Este último se encargó de enumerar la lista en otra visita a la “huevera”. El tipo estaba muy orgulloso de su participación en ese asesinato.
En rigor, ante los secuestrados siempre se mostraba muy expansivo. Lo prueban otras confidencias suyas en las visitas que les hacía. Tanto es así que le gustaba relatar las modificaciones en las formas de exterminio. Decía que al principio se colocaban las víctimas en un auto y se lo incendiaba; después los ahorcaban en la Esma para tirarlos al mar desde un avión y, al final, se los arrojaba tras ser dopados con Pentotal.
Martín Gras, uno de los sobrevivientes de aquel inframundo, mantiene un vívido recuerdo de él. “Dependía de Febres –señaló a Tiempo–, y era parte del personal de segunda. Un sujeto muy acomplejado”.
Sus dichos tienen un asidero de razón: los integrantes de Prefectura eran menospreciados por los oficiales de la Armada, quienes les habían puesto el simpático mote de “hidrocanas”. De hecho, cumplían las tareas más serviles. Y él en particular vivía mortificado por tal desprecio. Suponía que estaba para más. Y acostumbraba a jactarse de su vocación por el diseño naval, oficio que aprendió en paralelo a sus actividades represivas.
A eso se dedicó una vez concluida la dictadura. Primero en la provincia de Río Negro, donde fue directivo de la empresa Aguacampo y de la pesquera Camaronera. Allí, a fines de 2002, se lo declaró “persona no grata”, tras ser procesado por el juez español Baltasar Garzón.

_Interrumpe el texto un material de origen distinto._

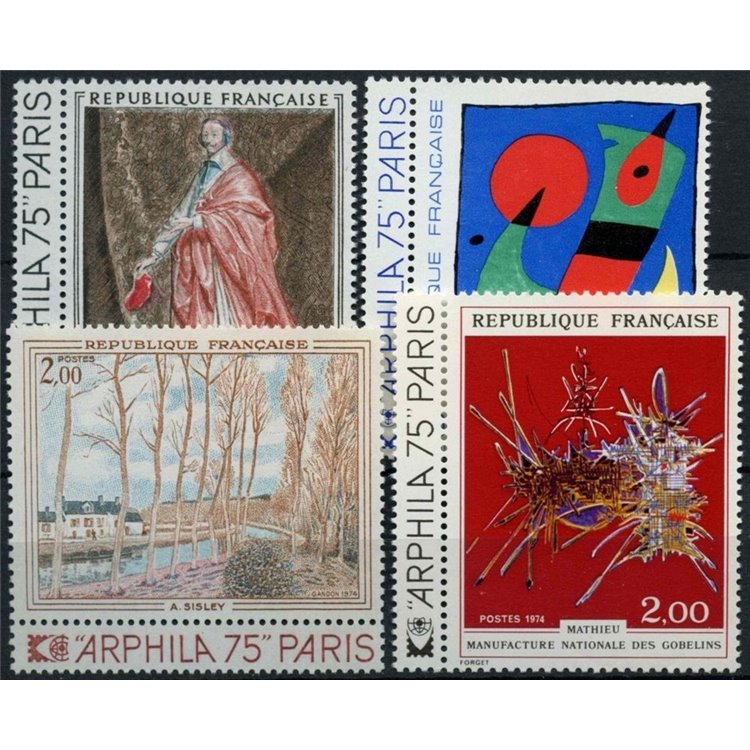 FRANCIA 1974 Arte (annata completa) 4v MNH**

Entonces recaló, siempre con dicho metier, en astilleros asentados en la ciudad brasileña de Angra dos Reis, situada en el litoral de Río de Janeiro. Hasta su arresto en 2013, por un pedido argentino de extradición. Pero tal instancia no llegó a buen puerto al darse a la fuga. Y prolongó su condición de prófugo hasta el lunes pasado. Aquel día fue capturado en la ciudad de Paraty, también en el sur carioca. Pero esta vez el Supremo Tribunal Federal de Brasil –en guerra con Jair Bolsonaro, un amante de las dictaduras militares– lo envió hacia su país tras un trámite exprés. Ahora deberá pagar por sus crímenes.